Legal digital downloads are up 77 percent, the RIAA said. Album sales, meanwhile, are down about 3 percent. While the RIAA and others once blamed illegal file sharing for the losses, the association now concedes that the increase in digital downloads makes up for sagging CD sales.
The RIAA has aggressively filed lawsuits against what it views illegal file sharing practices for several years, including high profile suits against Kazaa and, more recently, XM Satellite Radio. It has sued more than 18,000 people for sharing songs online — 4,500 settled for about US$4,000 each.
The Changing Landscape
The RIAA reigned victorious over Kazaa last November when a court ordered the service to block 3,000 keywords, including songs from popular artists like Madonna and Eminem. Other services, like Grokster, WinMX and BearShare, have quietly disappeared from the file sharing landscape in the wake of increased RIAA litigation.
On the other hand, the once controversial Napster has legitimized itself and media powerhouses like Apple’s iTunes are proving that music lovers are willing to pay for digital downloads. In fact, iTunes boasts over 1 billion songs downloaded. Another service, Rhapsody, is also gaining traction in the market.

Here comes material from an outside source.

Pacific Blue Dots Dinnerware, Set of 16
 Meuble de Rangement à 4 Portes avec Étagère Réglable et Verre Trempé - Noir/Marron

The RIAA would undoubtedly like to take credit for the changing landscape, but some analysts believe the shift toward legal sites is a natural evolution of the market as much as it is a response to RIAA lawsuits. Providing a legitimate alternative with sites like iTunes reduced the incentive for piracy.
“There is no such thing as a free lunch. The peer-to-peer sites haven’t gone out of business, but the consumer has discovered that using them is more trouble than it is worth because they are loaded with adware, spyware and potentially viruses,” Inside Digital Media Senior Analyst Phil Leigh told TechNewsWorld.
The Sheer Numbers
The number of Internet users tapping into file-sharing networks continues to rise. NPD shows digital store purchases have nearly doubled thanks to the presence of legitimate services. Nearly 10 million people actively swap files online, according to BigChampagne. That figure is up from 8.7 million last year.
All in all, sales of legally downloaded music brought record companies $1.1 billion in revenues last year, reports the International Federation of Phonographic Industry’s (IFPI) Digital Music Report 2006. Like the RIAA, the IFPI has taken aggressive steps throughout Europe to stop digital piracy with lawsuits.
Targeting Satellite Radio
The RIAA may not fare as well in its most recent battle, though. The association has accused XM Satellite Radio of “massive wholesale infringement” in federal court in the Southern District of New York.
The RIAA is targeting XM’s latest portable music player, Inno, which allows users to download and store hundreds of copyrighted songs. RIAA representatives did not return calls seeking comment.
While XM does have a license to play the music, the RIAA notes, the portable music player’s new capabilities go far beyond what the license allows, causing harm to its own business.
“It was a bad decision for [the] RIAA to go after that particular application,” Leigh argued. “It seems to me that this kind of activity is in fact legal under the Audio Home Recording Act of 1992. Secondly, it doesn’t appear that type of activity damages recorded music sales.”